Image-backed grounding data:
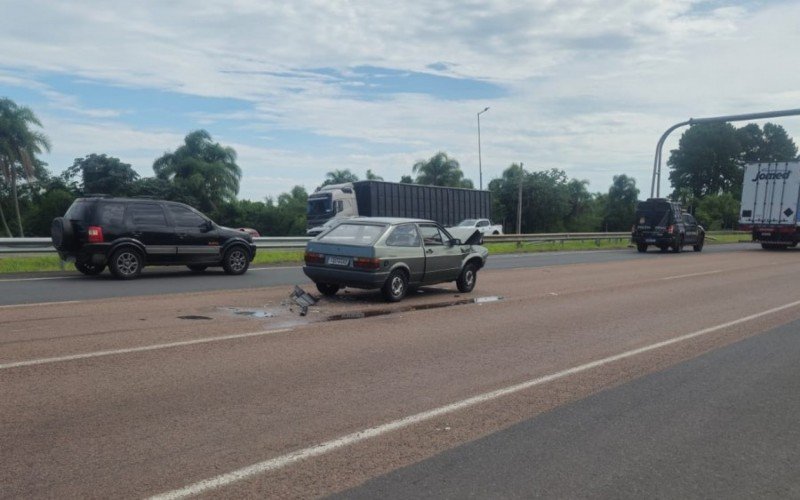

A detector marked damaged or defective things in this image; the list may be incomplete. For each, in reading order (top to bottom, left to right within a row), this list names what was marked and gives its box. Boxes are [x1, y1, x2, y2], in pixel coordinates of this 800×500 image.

damaged green hatchback [300, 218, 488, 302]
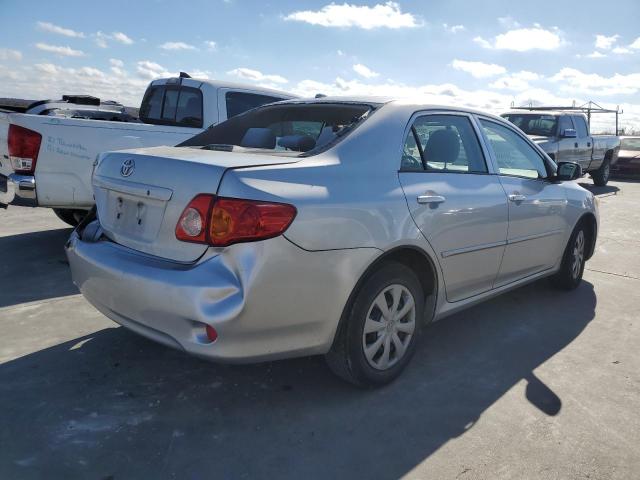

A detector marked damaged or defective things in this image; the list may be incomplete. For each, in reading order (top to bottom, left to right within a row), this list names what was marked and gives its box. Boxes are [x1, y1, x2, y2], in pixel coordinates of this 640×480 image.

rear bumper damage [0, 172, 37, 206]
rear bumper damage [67, 225, 378, 364]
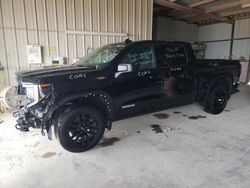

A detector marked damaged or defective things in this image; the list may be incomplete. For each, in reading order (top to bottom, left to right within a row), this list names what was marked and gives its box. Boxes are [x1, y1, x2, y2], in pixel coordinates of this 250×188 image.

→ **Required work**
Without including any picture, repeat the data exactly.

→ **Answer to this exercise**
A detector marked damaged or defective things in this image; the list may be incomplete. For each, in reading order (top to bottom, left to right within a row), this list names what was marked and gives its box. Boxes are [x1, y1, x2, y2], in pixel coordinates of this 800×500 image.

damaged green hatchback [300, 218, 488, 302]

A detector marked damaged or defective things in this image; the list may be incomplete. For each, in reading order (top to bottom, left to right within a row), this list names what was marked and gives its box. Boxes are [x1, y1, x2, y2], in pixel coordinates of this 640×480 image.

rear bumper damage [0, 172, 37, 206]
rear bumper damage [67, 225, 378, 364]

A detector marked damaged or defective things in this image; the list may be incomplete. For each, in reading order (top to bottom, left to right within a row), this list names what was marked and gives its box. Boxes are [x1, y1, x2, y2], in pixel coordinates of this 250×188 image.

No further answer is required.